YOUR INSTRUCTIONS: Of the entries below, repeat exactly only those lines from the one containing "5th image of 524 Rainbow Cres" through the last line, with pictures omitted.

ENTRIES SUPPLIED:
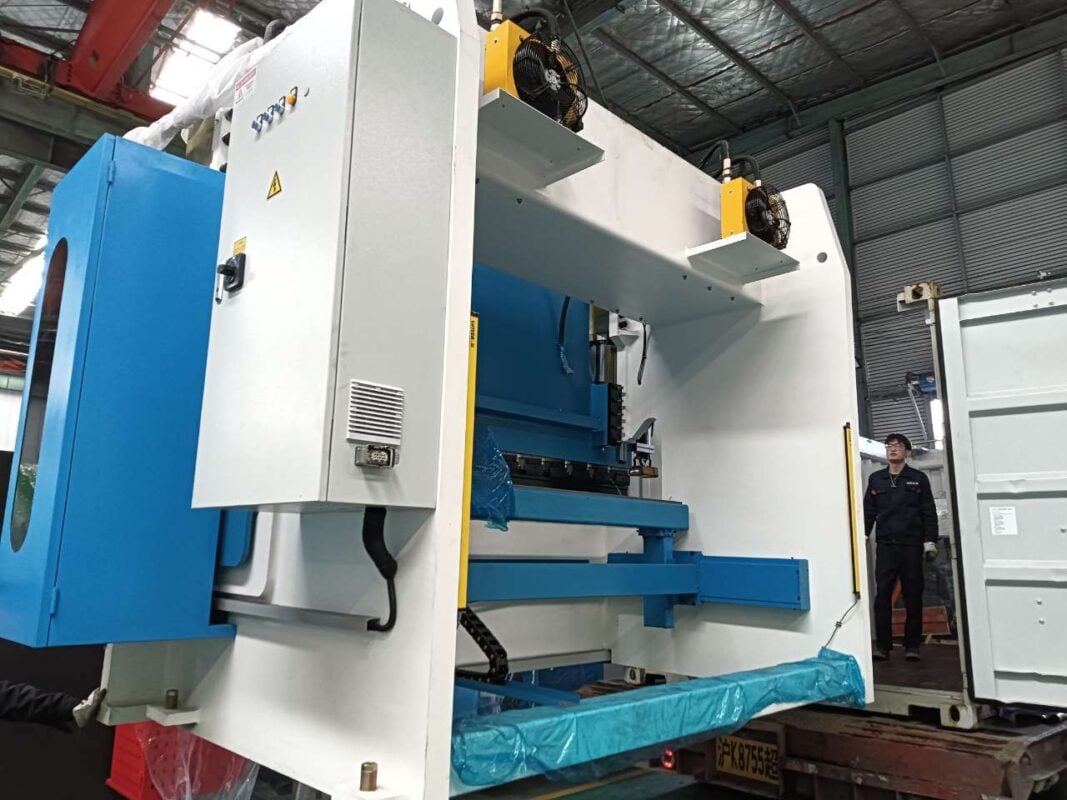 Spain-WE67K-200T3200 & WE67K-300T4000 CNC Press Brake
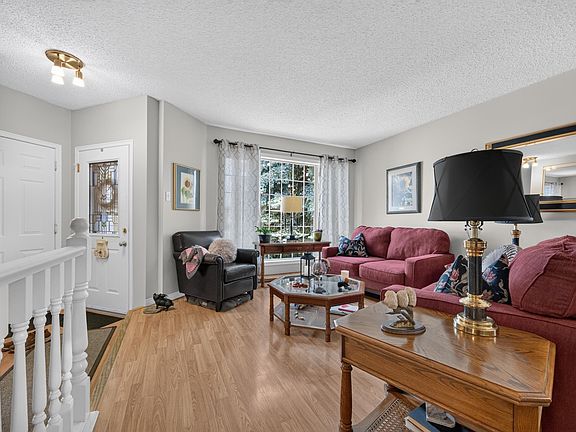 5th image of 524 Rainbow Cres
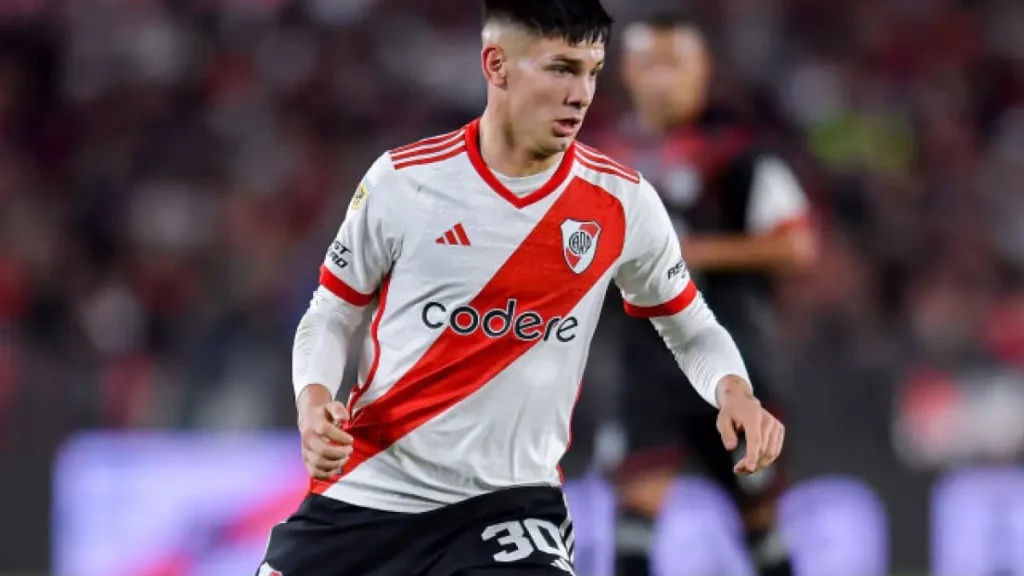 La operación Mastantuono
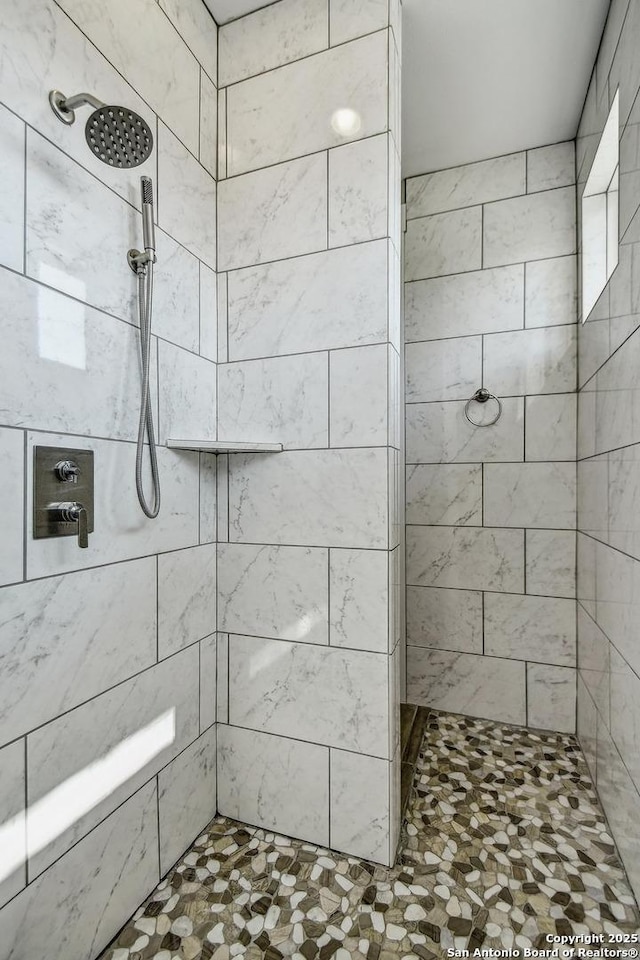 1609 Havenwood, New Braunfels, TX 78132 - bathroom with a tile shower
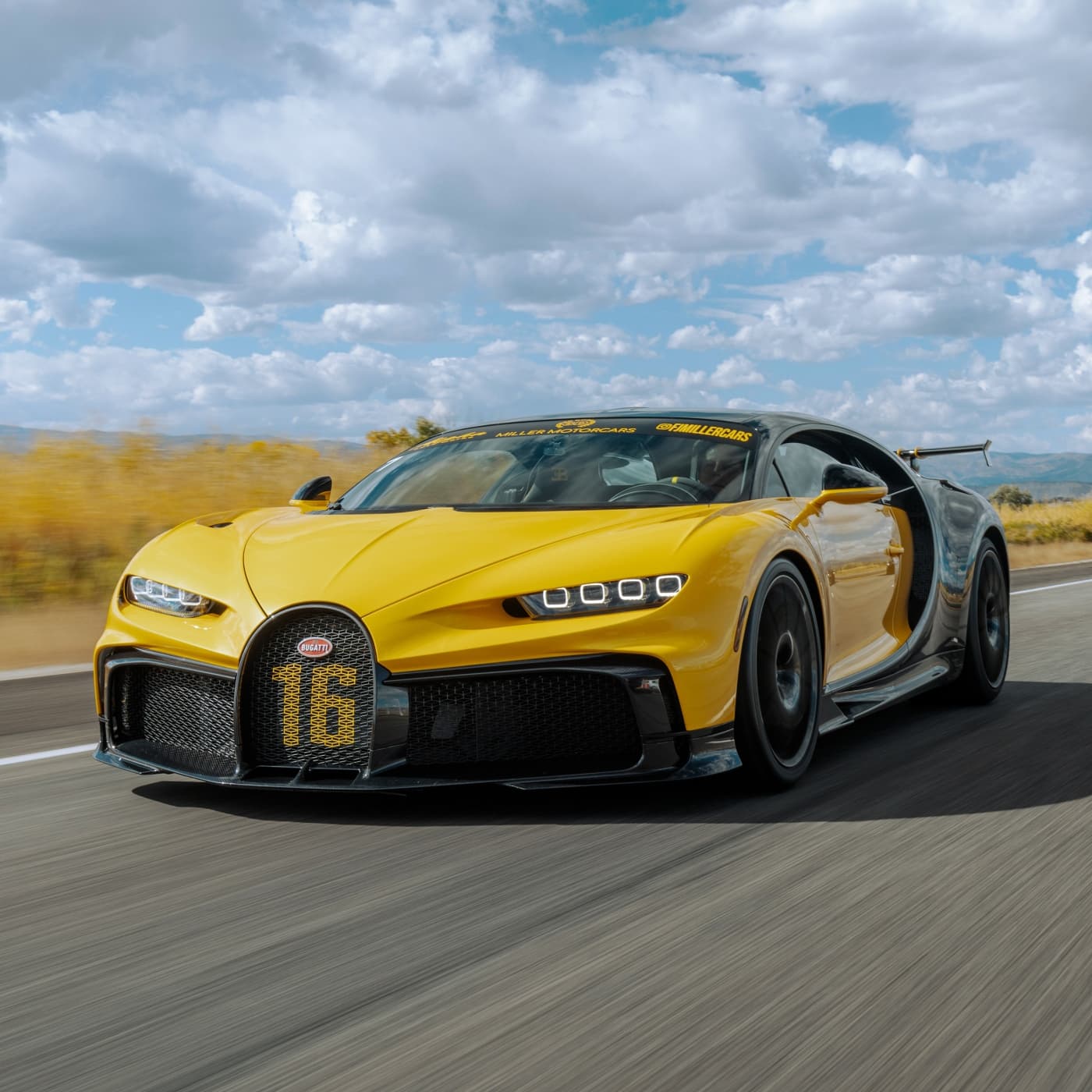 16 coches con motor de 16 cilindros - El Garaje Hermético de Máximo Sant cover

SOLUTION TO THE EXERCISE:
 5th image of 524 Rainbow Cres
 La operación Mastantuono
 1609 Havenwood, New Braunfels, TX 78132 - bathroom with a tile shower
 16 coches con motor de 16 cilindros - El Garaje Hermético de Máximo Sant cover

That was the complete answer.